Pertengahan abad ke-17, terjadi persaingan yang tajam antara Gowa dengan VOC hingga terjadi beberapa kali pertempuran. Sementara Arumpone ditahan di Gowa dan mengakibatkan terjadinya perlawanan yang dipimpin La Tenri Tatta Daeng Serang Arung Palakka. Arung Palakka didukung oleh Turatea, kerajaaan kecil Makassar yang tidak sudi berada dibawah Gowa. Sementara Sultan Hasanuddin didukung oleh menantunya La Tenri Lai Tosengngeng Arung Matowa Wajo, Maradia Mandar, dan Datu Luwu. Perang yang dahsyat mengakibatkan benteng Somba Opu luluh lantak. Kekalahan ini mengakibatkan ditandatanganinya Perjanjian Bongaya yang merugikan kerajaan Gowa.

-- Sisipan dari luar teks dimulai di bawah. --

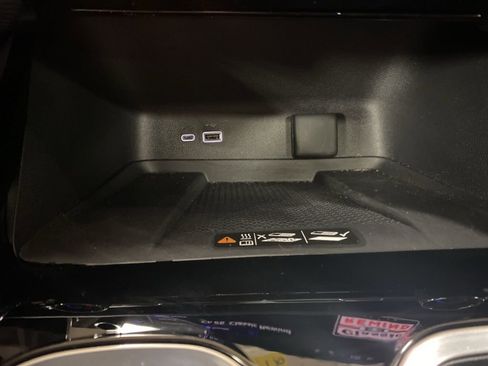 Certified 2024 Chevrolet Traverse RS w/ LPO, Floor Liner Package image 50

Pernikahan Lapatau dengan putri Datu Luwu, Datu Soppeng, dan Somba Gowa adalah sebuah proses rekonsiliasi atas konflik di jazirah Sulawesi Selatan. Setelah itu tidak adalagi perang yang besar sampai kemudian di tahun 1905-6 setelah perlawanan Sultan Husain Karaeng Lembang Parang dan La Pawawoi Karaeng Segeri Arumpone dipadamkan, maka masyarakat Bugis-Makassar baru bisa betul-betul ditaklukkan Belanda. Kosongnya kepemimpinan lokal mengakibatkan Belanda menerbitkan Korte Veklaring, yaitu perjanjian pendek tentang pengangkatan raja sebagai pemulihan kondisi kerajaan yang sempat lowong setelah penaklukan. Kerajaan tidak lagi berdaulat, tapi hanya sekedar perpanjangan tangan kekuasaaan pemerintah kolonial Hindia Belanda, sampai kemudian muncul Jepang menggeser Belanda hingga berdirinya NKRI.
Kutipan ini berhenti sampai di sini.